FlowFuse / flowfuse

Build bespoke, flexible, and resilient manufacturing low-code applications with FlowFuse and Node-RED
https://flowfuse.com
Other
269 stars 63 forks source link

API for Deployment History of an Instance #4424

Closed joepavitt closed 3 days ago

joepavitt commented 4 weeks ago

Request to have a single API endpoint, e.g. api/v1/projects/{instanceId}/history that returns details on every deployment made to that instance in the context of version history.

If I'm not mistaken, the sources for these deployments would be:

A lot of these I think could be gathered from the Audit Log (and reformatted appropriately).

It is also important to verify if each of these steps in the history have an available snapshot that we can revert to. Part of this work is to also determine if there are actually new tables or events we need to be recording in order to support this functionality.

Steve-Mcl commented 2 weeks ago

Request to have a single API endpoint, e.g. api/v1/projects/{instanceId}/history that returns details on every deployment made to that instance in the context of version history.

What level of detail is required (not just for this, but for the final product?)

For example, are expecting to be able to display individual changes to settings or flows? That would take either capturing all settings and flows (or a delta) with each "change".

Another level of detail is what version of the launcher was an instance running on. The launcher is responsible for taking the settings/env and applying them to the instance. Any fixes/additions/changes applied to a launcher can have an effect on the instance. This is not currently captured in the audit log.

Stack changes are also important part of history. currently, we do capture a stack change in the audit log as project.stack.changed but the associated data stored is what it was changed to (not what it was changed from). This is a shortcoming as we would not be able to rollback to the previous stack.

NOTE: While any of the above might not be implemented up front, understanding the end goal now will help decide direction (for ground work now).

  • Node-RED Editor - user has clicked the "Deploy" button themselves

The audit log flows.set identifies this event. It does have information as to which user operated it and the type of deploy (full, flows, nodes or reload). NOTE: If auto-snapshots are available (teams+) it is taken AFTER the flows.set and there is no direct tie up other than the time of the event being in close proximity.
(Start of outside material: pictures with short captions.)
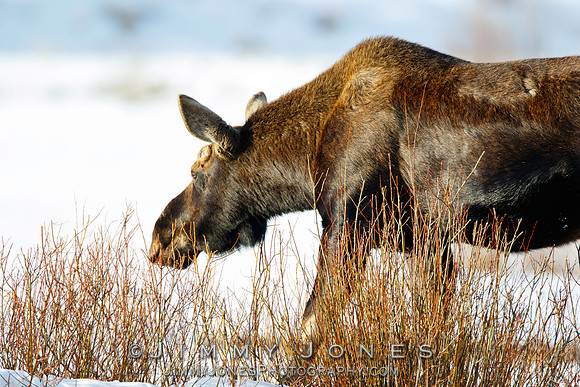 Moose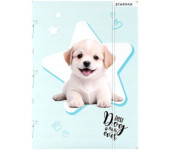 Teczka z gumką A4 DOGGY 559706 STARPAK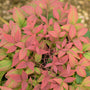 Blush Pink Nandina shrub with bright pink new foliage and deep green mature leaves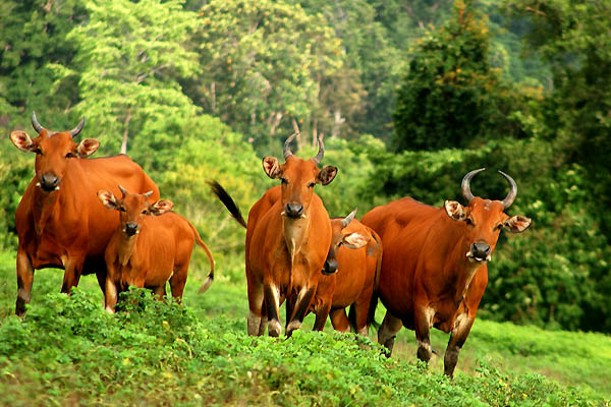 Banteng01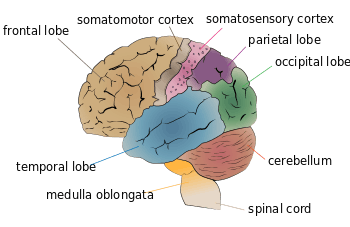 Cerebrum lobes.svg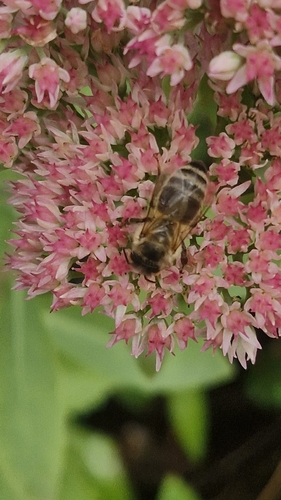 Western Honey Bee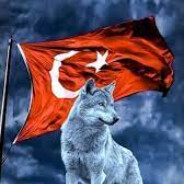 ...DaDaŞ...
  • DevOps Pipeline - where we would want detail on where the flows came from

The audit log project.snapshot.imported is created after a snapshot is deployed to instance. NOTE: that is the database has been updated but the instance may not be running. Data recorded includes the sourceProject and snapshot

  • Rolback Snapshots

Similar to above, the audit log project.snapshot.rolled-back is created after the snapshot is deployed to instance and the instance may not even be running. Details of the snapshot applied is logged.

It is also important to verify if each of these steps in the history have an available snapshot that we can revert to. Part of this work is to also determine if there are actually new tables or events we need to be recording in order to support this functionality.

In the case of flows being deployed from the editor, there is no knowledge of what the instance is actually running other than the flows and settings currently in the database (I get that sounds odd, but the single source of truth is really the instance itself and we do not have a "flows version" or "settings checksum" generated from the instance and posted to the platform). Note also, the auto-snapshot is taken after the deploy. This means that while we would be able to provide a rollback it would ultimatly be "after the fact" (original state is not recorded) so, to reiterate, there is currently no simple means of knowing what exactly was running before the deploy. Another factor to consider is that auto snapshots are round-robin replaced. So it is unlikely that a semi-active instance will have a snapshot to rollback to for the majority of its history.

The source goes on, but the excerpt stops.